Crofton House School, located in the neighbourhood of Kerrisdale in Vancouver, British Columbia, Canada, is a private university-preparatory school for girls that is tied for first place in the Fraser Institute's rankings of schools in British Columbia.

History 

Crofton House School was founded in 1898 by educational pioneers, the Gordon sisters, Jessie Fisher Gordon LL.D. and Mary Elizabeth Gordon. 

The school was founded in the Gordons' family home on Georgia Street, Vancouver, with just four girls. Three years later, in 1901, the school moved to the corner of Jervis and Nelson in the West End. 

The ivy leaf, the emblem of the Gordon clan, was chosen as the school emblem, and the motto became "servabo fidem" (I shall keep faith). Crofton was a boarding school until 1990. The old boarding house is now used as the main administrative building, called "The Old Residence".

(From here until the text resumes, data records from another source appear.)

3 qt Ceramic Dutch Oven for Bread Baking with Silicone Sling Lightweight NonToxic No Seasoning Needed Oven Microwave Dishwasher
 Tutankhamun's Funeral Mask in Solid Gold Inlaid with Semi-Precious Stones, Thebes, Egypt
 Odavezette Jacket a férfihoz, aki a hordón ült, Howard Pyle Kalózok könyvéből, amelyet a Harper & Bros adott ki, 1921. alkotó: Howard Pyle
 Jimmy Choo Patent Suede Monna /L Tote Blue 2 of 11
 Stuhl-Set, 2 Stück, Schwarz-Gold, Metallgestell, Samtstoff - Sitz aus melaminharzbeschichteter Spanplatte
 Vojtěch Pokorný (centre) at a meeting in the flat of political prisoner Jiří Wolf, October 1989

In 1937, the Misses Gordon retired and Crofton House School became an educational trust. Miss Sara E.G. Macdonald became Headmistress and in 1942 the school moved to the present  site on West 41st Avenue in Kerrisdale. On the day of its 90th birthday, the school received its own coat of arms, granted by the Lord Lyon. To mark this occasion the Rev. Dr. T. Herbert O'Driscoll wrote a hymn for the school, "We Thank You Lord For all the Years".

Senior school 
In Mathematics, French, English, Spanish, Mandarin and the Sciences, students who demonstrate high ability are given the opportunity to accelerate their programs, finishing grade 12 in their eleventh year. This would allow them to pursue an enriched Board Authority/Authorized course designed to meet students' interests in Economics, World History, Calculus, European History, English Language, Literature, Physics, Chemistry, French, Spanish, Chinese, and Human Geography. The Senior School also offers Advanced Placement courses to grade 11 and 12 students. The academic programs at Crofton House School are very rigorous and only select students may participate in accelerated courses.

The senior school operates on a rotating 8-day 8-block cycle, with four 80-minute blocks each day.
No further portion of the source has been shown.